Storing and slicing¶
- Working with the store: hold records in the in-memory
ModelPoolwith AT-URI resolution and back-references, persist a corpus snapshot as a commit in theRepository, tag and diff revisions, materialize Arrow/Parquet views with flattened anchor columns, and cache blob bytes by content. Reach for this when a loaded corpus needs addressing, reproducibility, or columnar access. - Resolving and slicing media: resolve a media record to a byte handle, dispatch an annotation's anchor to the slice it points at, and decode and slice audio, video, and neural signals. Reach for this when an annotation must be turned into the waveform, frame, or signal window it anchors.
Authoring and querying¶
- Authoring and publishing records: build Layers
records with the
lairs.authorbuilders, write a single record, publish a whole graph in one dependency-orderedapplyWritesbatch, inspect the dry-run plan, and pull an account's records back for a git-like round trip. Reach for this when producing records and writing them to your own PDS repository. - The dataset API: load a corpus, take typed
Datasetviews over it, walk the cross-reference graph with the join helpers, and read theFeaturesderived from the model field specs. Reach for this when a loaded corpus needs adatasets-like access surface over the generated record models.
Integrations¶
- Format codecs: decode external annotation formats into
Layers records and encode them back through the
Codecport, with the bundled CoNLL-U and brat codecs resolved by name through the registry. Reach for this when moving between Layers and an existing annotation format. - Exporters: turn a flattened Arrow view into a
framework-native dataset through the
Exporterport, with the bundled HuggingFacedatasets, PyTorch, tf.data, and WebDataset exporters resolved by name. Reach for this when feeding a corpus into a training pipeline. - Knowledge bases: resolve, entity-link,
reconcile, and enrich records through the
KnowledgeBaseport, with the bundled Wikidata, W3C/OpenRefine reconciliation, and glazing connectors. Reach for this when grounding records against external references. - Experiment tracking: log a
Repositoryrevision as a tracked artifact with provenance for Weights & Biases and MLflow, pinning the exact commit and lexicon manifest hash rather than copying the data.
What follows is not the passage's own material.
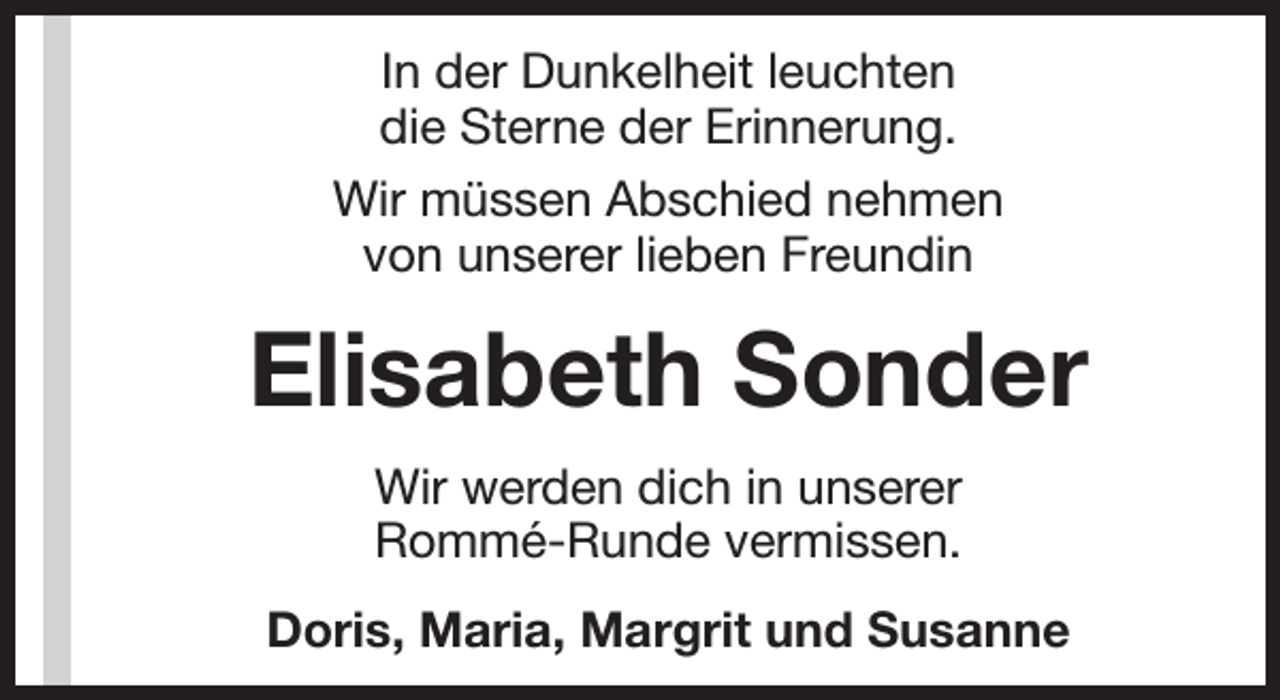 <p>In der Dunkelheit leuchten<br />die Sterne der Erinnerung.<br />Wir müssen Abschied nehmen<br />von unserer lieben Freundin</p><p>Elisabeth Sonder<br />Wir werden dich in unserer<br />Rommé-Runde vermissen.<br />Doris, Maria, Margrit und Susanne</p>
Reach for this when an experiment must record which corpus revision it ran on.
Tooling¶
- The CLI: drive vendoring, codegen, pulling, materializing,
publishing, inspecting, and index operations from the
lairscommand-line interface. Reach for this to run lairs from a shell or a CI pipeline. - The explorer TUI: open a terminal interface for
discovering corpora, browsing records by type over a local repository,
and running queries over materialized data with
lairs tui. Reach for this to explore Layers data interactively.